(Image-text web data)

○ ○ ○ ○ ○ ○ ○

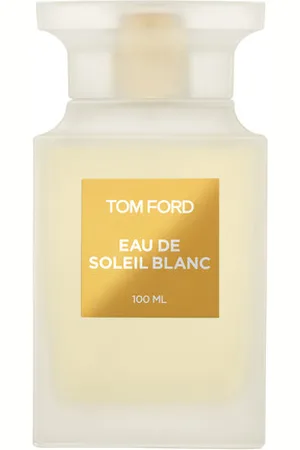 Tom Ford Eau De Soleil Blanc Eau De Toilette 100ml, Fragrance, Floral Amber, Bright Crisp and Drenched With Sparkling Citrus, 100ml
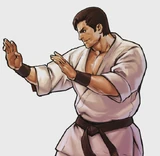 KOF02UM-Takuma3.png (389 KB) The King of Fighters 2002 Unlimited Match artwork.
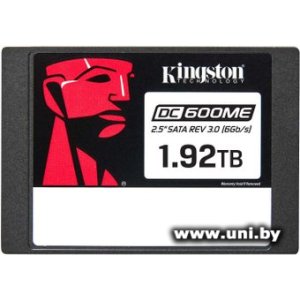 Kingston 1.92Tb SATA3 SSD SEDC600ME/1920G
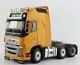 1/32 Marge Models Volvo Fh16 6x2 Heavy Duty Truck Tractor 750 Yellow Diecast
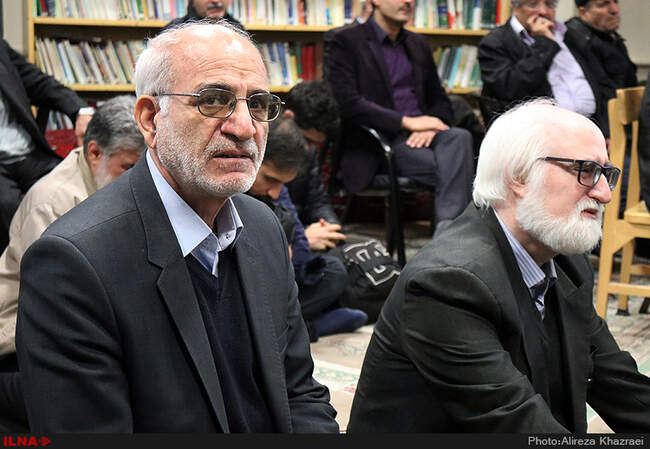 مراسم تشییع محمد توکلی فرزند دکتر احمد توکلی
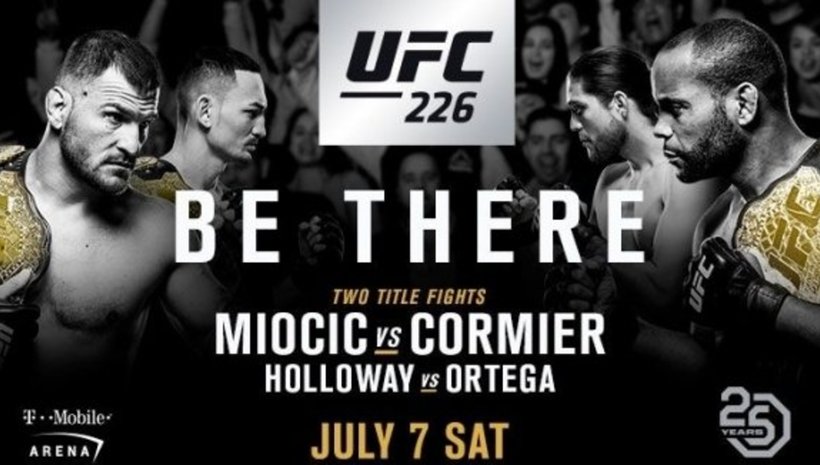 Отворените тренировки преди UFC 226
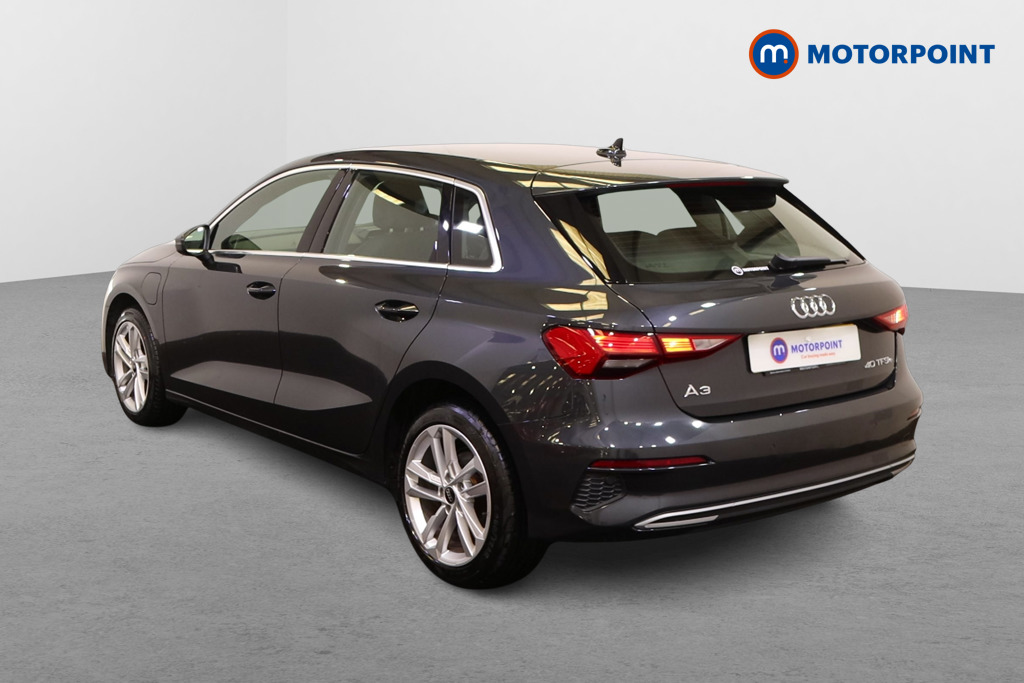 Audi A3 Sport Automatic Petrol Plug-In Hybrid Hatchback - Stock Number (1563275) - Passenger side rear corner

○ ○ ○ ○ ○ ○ ○

[PROBLEM TO WORK ON] Your answer must be the lines from the one containing "KOF02UM-Takuma3.png (389 KB)" through the final line of the entries, duplicated exactly, with both ends kept and all pictures left out.

[ANSWER SECTION]
 KOF02UM-Takuma3.png (389 KB) The King of Fighters 2002 Unlimited Match artwork.
 Kingston 1.92Tb SATA3 SSD SEDC600ME/1920G
 1/32 Marge Models Volvo Fh16 6x2 Heavy Duty Truck Tractor 750 Yellow Diecast
 مراسم تشییع محمد توکلی فرزند دکتر احمد توکلی
 Отворените тренировки преди UFC 226
 Audi A3 Sport Automatic Petrol Plug-In Hybrid Hatchback - Stock Number (1563275) - Passenger side rear corner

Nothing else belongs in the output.